*Records*
---

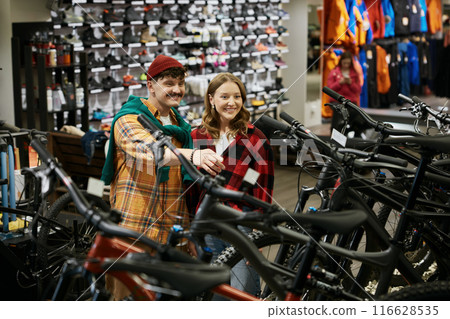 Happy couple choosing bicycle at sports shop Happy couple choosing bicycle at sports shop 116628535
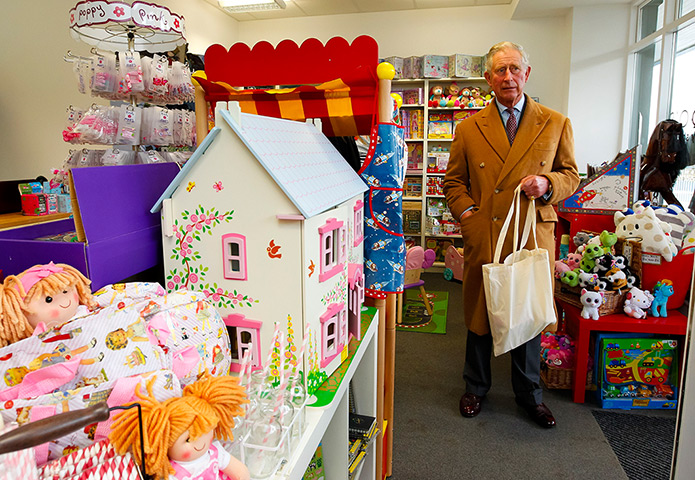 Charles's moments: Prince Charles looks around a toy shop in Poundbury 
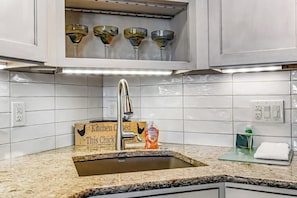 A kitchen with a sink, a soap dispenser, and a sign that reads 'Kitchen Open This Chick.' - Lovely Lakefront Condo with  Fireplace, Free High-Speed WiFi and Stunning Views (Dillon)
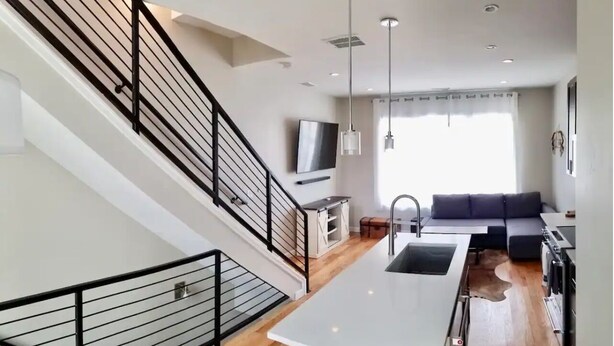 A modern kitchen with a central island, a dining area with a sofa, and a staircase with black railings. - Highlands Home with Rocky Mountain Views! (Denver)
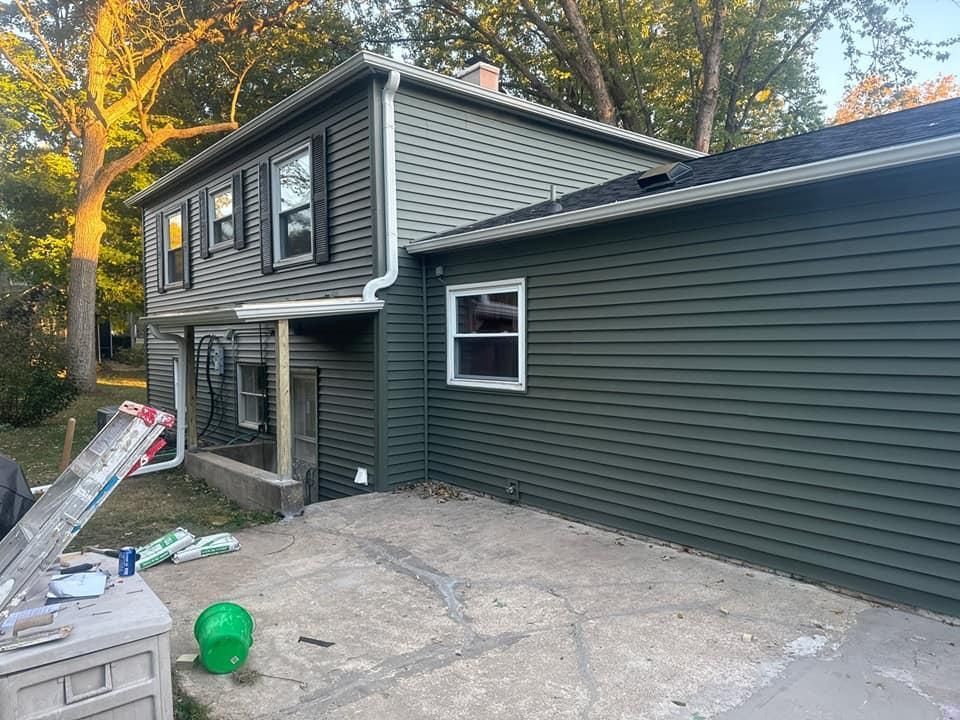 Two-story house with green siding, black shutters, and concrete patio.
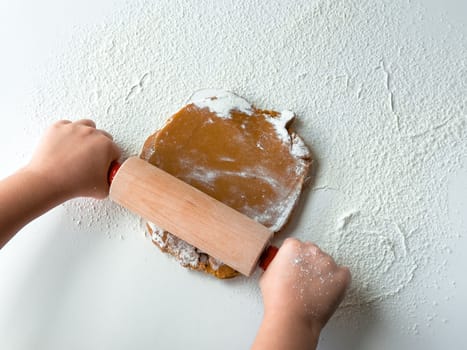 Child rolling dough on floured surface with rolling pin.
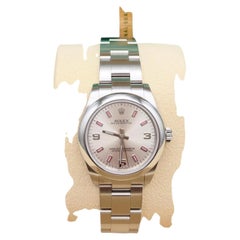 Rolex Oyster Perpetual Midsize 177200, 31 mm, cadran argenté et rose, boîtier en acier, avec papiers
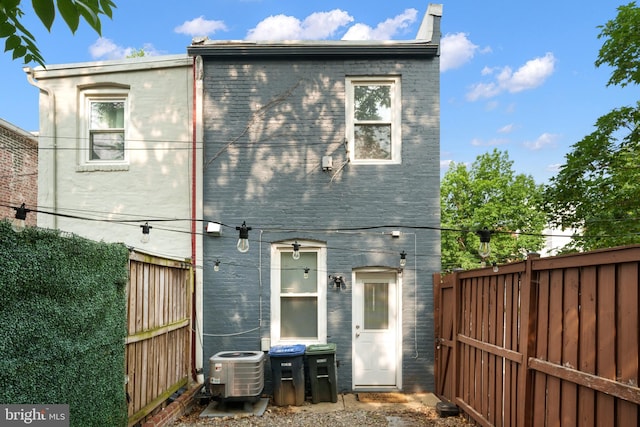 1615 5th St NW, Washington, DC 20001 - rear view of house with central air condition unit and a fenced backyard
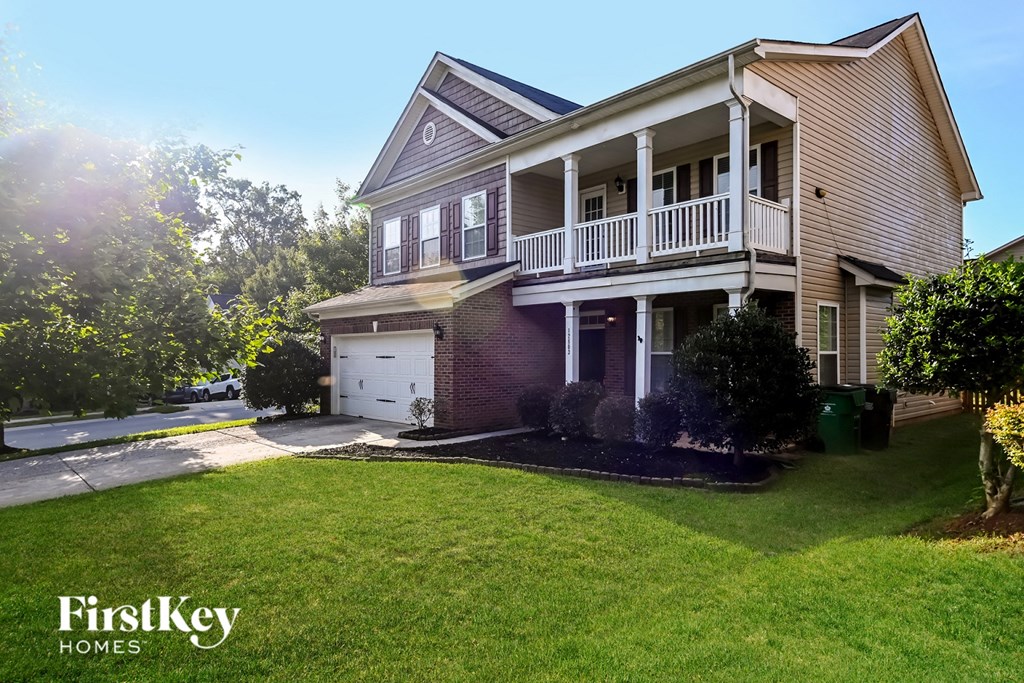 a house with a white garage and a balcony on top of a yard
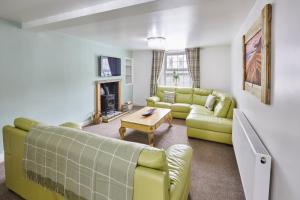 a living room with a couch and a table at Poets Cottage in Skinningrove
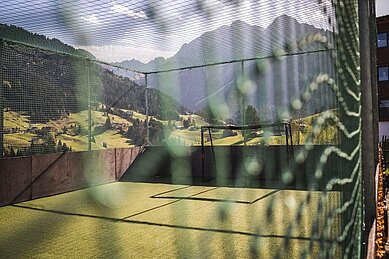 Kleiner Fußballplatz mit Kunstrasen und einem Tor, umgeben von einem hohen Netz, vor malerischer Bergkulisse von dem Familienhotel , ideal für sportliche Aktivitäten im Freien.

---

*What you should do*
Start at the line containing "Rolex Oyster Perpetual" above and stop at the line containing "a living room". Output those lines exactly, both included, but none of the pictures.

*Task result*
 Rolex Oyster Perpetual Midsize 177200, 31 mm, cadran argenté et rose, boîtier en acier, avec papiers
 1615 5th St NW, Washington, DC 20001 - rear view of house with central air condition unit and a fenced backyard
 a house with a white garage and a balcony on top of a yard
 a living room with a couch and a table at Poets Cottage in Skinningrove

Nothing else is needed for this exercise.